(SUPPLIED RECORDS Opens)

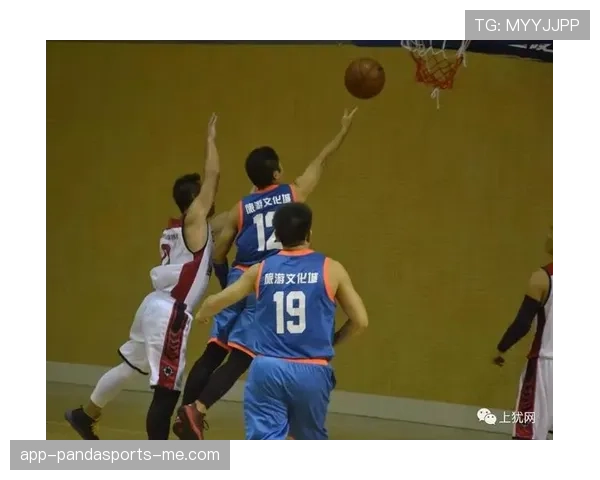 发球干扰规则：篮球比赛中判罚依据与具体解读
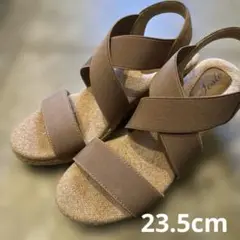 モカ クロスストラップ サンダル 23.5cm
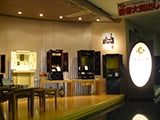 小型金仏壇などを展示したコーナー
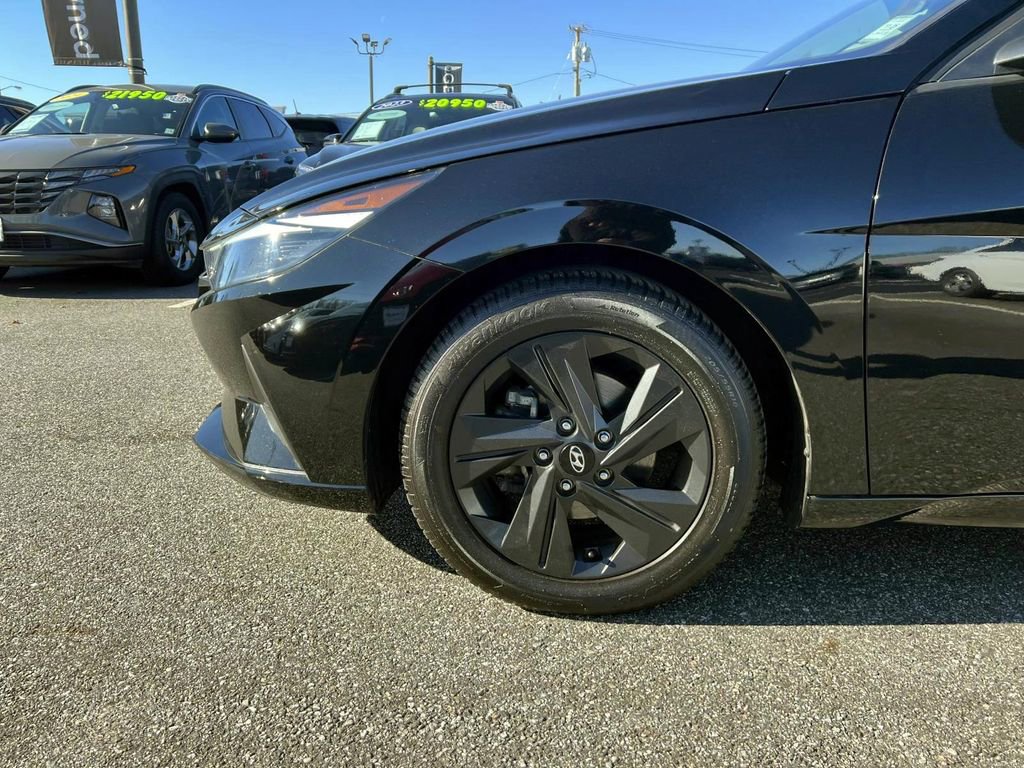 Certified 2022 Hyundai Elantra SEL image 8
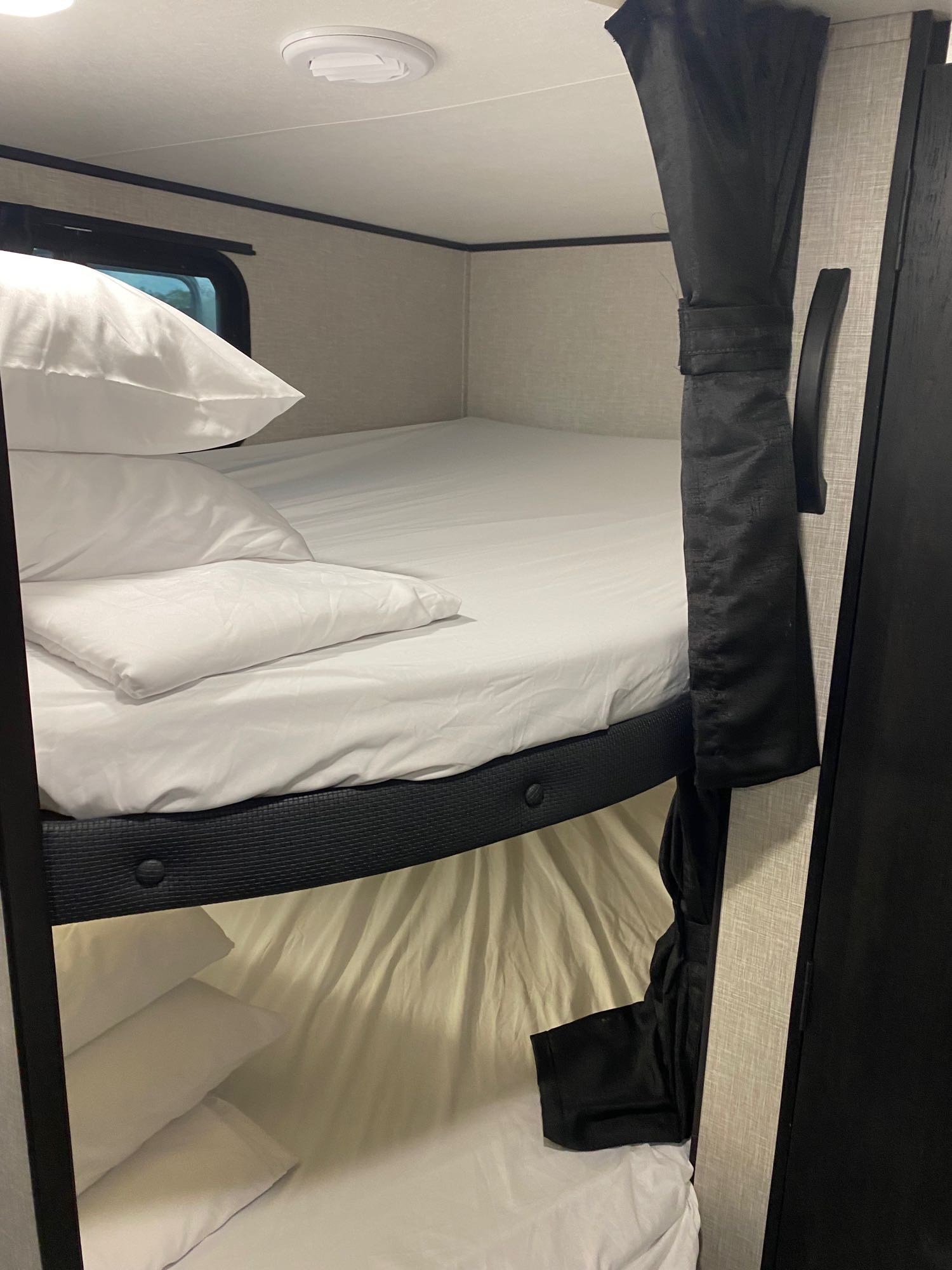 Travel trailer RV Rental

(SUPPLIED RECORDS Closes)

* **REQUIRED WORK**
Copy exactly the lines that run from the line containing "Certified 2022 Hyundai Elantra SEL image 8" to the end of the data, keeping both end lines and dropping every picture.

* **SOLUTION TO THE EXERCISE**
 Certified 2022 Hyundai Elantra SEL image 8
 Travel trailer RV Rental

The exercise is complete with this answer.